Mit besten Empfehlungen und Grüßen Ihr sehr ergebener Curtius.

 

165. C.H.B. an Minister Curtius, Karlsbad. Berlin, 21.9. 1927

Einschreiben! Persönlich! (Maschinenkopie)

Hochverehrter Herr Kollege!

Ihrer Bitte entspreche ich gern. Ich muß Sie nur dringend bitten, die Einlagen als wirklich geheim zu betrachten. Das Gutachten ist mein persönliches Votum an die preußischen Staatsminister; in ihm ist in jedem Falle zunächst einmal die Problemstellung gegeben – natürlich von meinem liberalen Standpunkt aus. Ich versuche schon einen Kompromiß, doch wird die endgültige Denkschrift des Preußischen Kabinetts natürlich ziemlich anders aussehen. Nach langen Zwischenverhandlungen und Referentenbesprechungen haben wir gestern in einer 5-stündigen Kabinettssitzung endgültig Beschluß gefaßt, der natürlich einen Kompromiß mit dem Zentrum darstellt. Die für die Sitzung hergestellte Drucksache habe ich persönlich korrigiert, so daß Sie daraus ersehen können, wie die preußischen Anträge an den Reichsrat aussehen werden. Zurzeit wird noch an der Begründung gearbeitet, die sich im wesentlichen an das Gutachten anschließen wird. Aber naturgemäß nun den Zentrums-standpunkt mit hineinarbeiten muß. Ich glaube, daß die Volkspartei nicht weniger liberal sein kann als die preußischen Zentrumsminister. Infolge dessen könnte vielleicht schon bei entsprechender Einwirkung auf Herrn von Keudell im Reichsrat die Entwicklungslinie des Preußischen Votums in das Reichsgesetz Aufnahme finden. Sie werden natürlich merken, daß wir uns in einigen Punkten um die Schwierigkeit gedrückt haben, indem wir die Sache der landesrechtlichen Regelung überwiesen. Ich glaube aber, daß es ein sehr vernünftiger Weg ist, da die Hauptschwierigkeit darin besteht, eine reichsrechtliche Formulierung zufinden, die uns auf die sehr verschiedenen Verhältnisse der einzelnen Länder paßt. Das gilt namentlich für den geordneten Schulbetrieb.

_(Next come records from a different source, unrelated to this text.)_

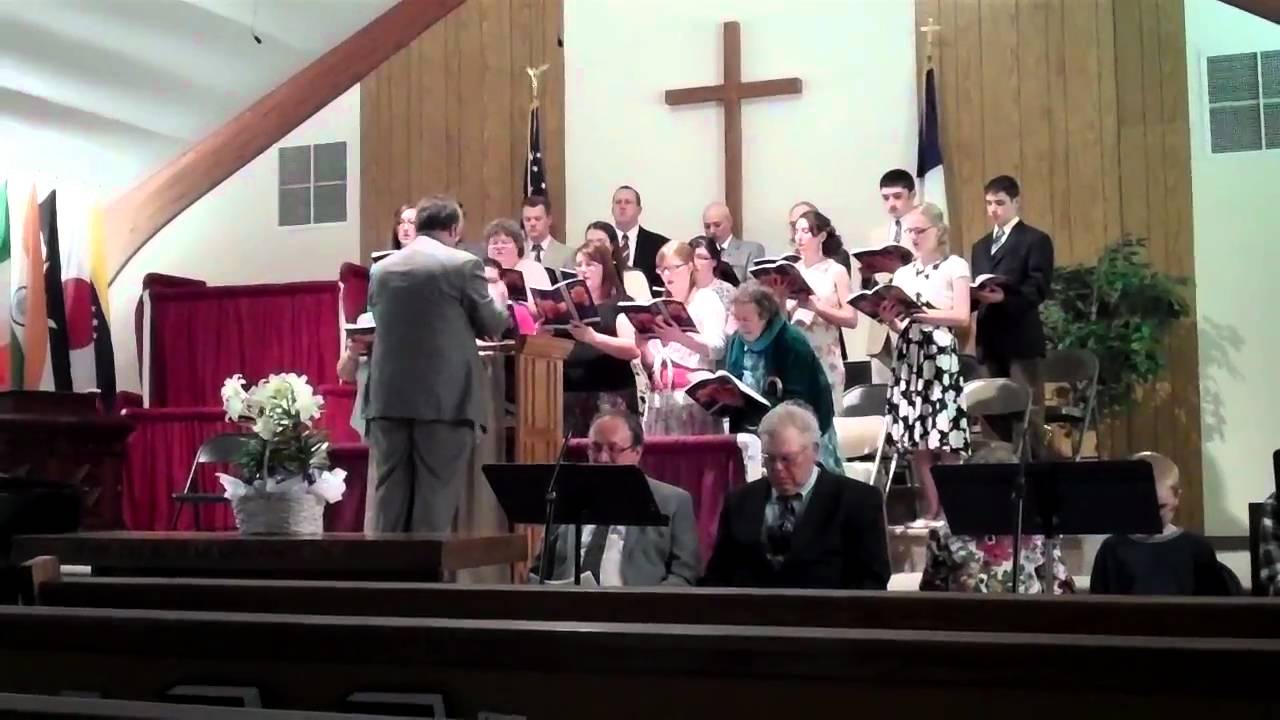 Valley Bible Baptist Church Middleburgh NY YouTube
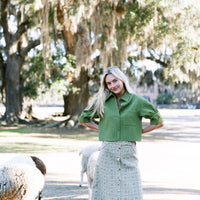 Silvie Skirt
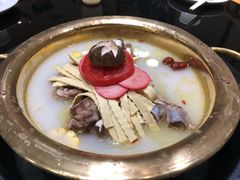 -川中故事·成都老火锅(东书房店)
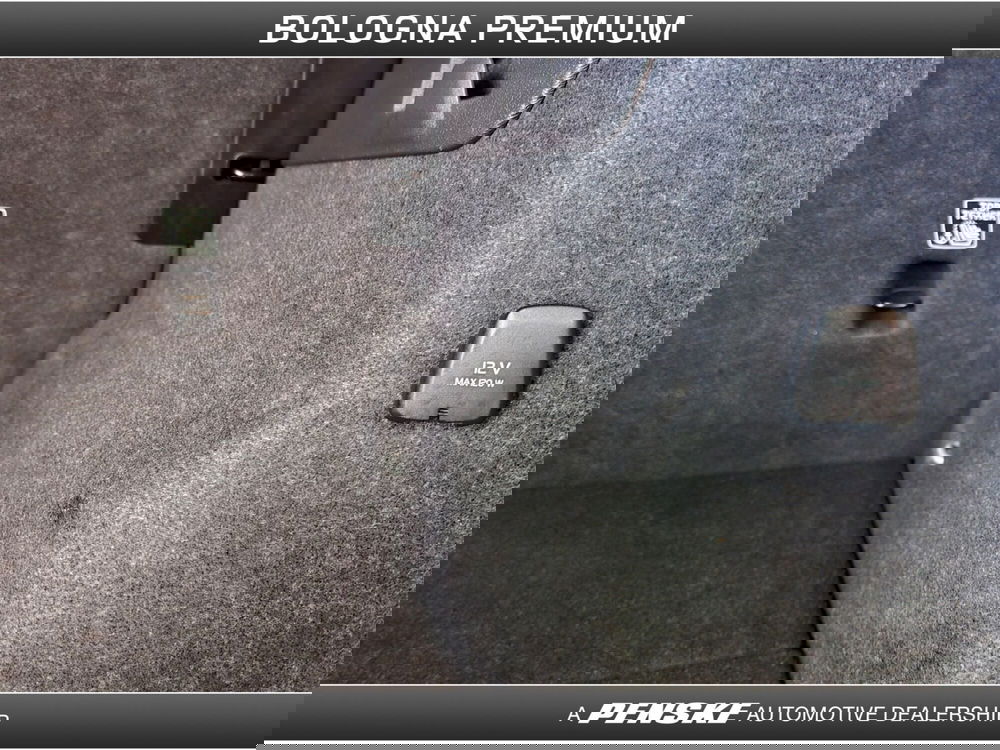 Volvo XC40 usata a Bologna (19)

bemerke übrigens, daß ich das Gutachten privatschriftlich und persönlich den Herren Marx und von Keudell habe zugehen lassen, die es aber ihrerseits, wie ich zu meiner Freude bemerkt habe, tatsächlich geheim gehalten haben. Die andere Drucksache ist bisher noch in keine andere Hand gelangt. Ich glaube mich aber dazu ermächtigt, Sie darüber zu orientieren, da in wenigen tagen die preußischen Beschlüsse ja doch offiziell an den Reichstag gehen werden. Ich bemerke aber ausdrücklich, daß das Protokoll der Sitzung noch nicht von allen Herren Ministern ratifiziert ist. Sie wissen ja selbst am besten, daß bei so komplizierten Gesetzesvorlagen, die wir im Kabinett und ohne Referenten bearbeitet und verabschiedet haben, nachträglich noch hier und da Korrekturen angebracht werden müssen. Mein Gutachten ist übrigens im benachbarten Marienbad entstanden, wo ich einige Wochen zur Kur war.. Ich bin sehr glücklich, daß wir tatsächlich trotz der ungeheuerlichen Schwierigkeit der Aufgabe die Termine eingehalten und, wie mit der Reichsregierung verabredet, tatsächlich am 20. September d.J. endgültig Beschluß gefaßt haben.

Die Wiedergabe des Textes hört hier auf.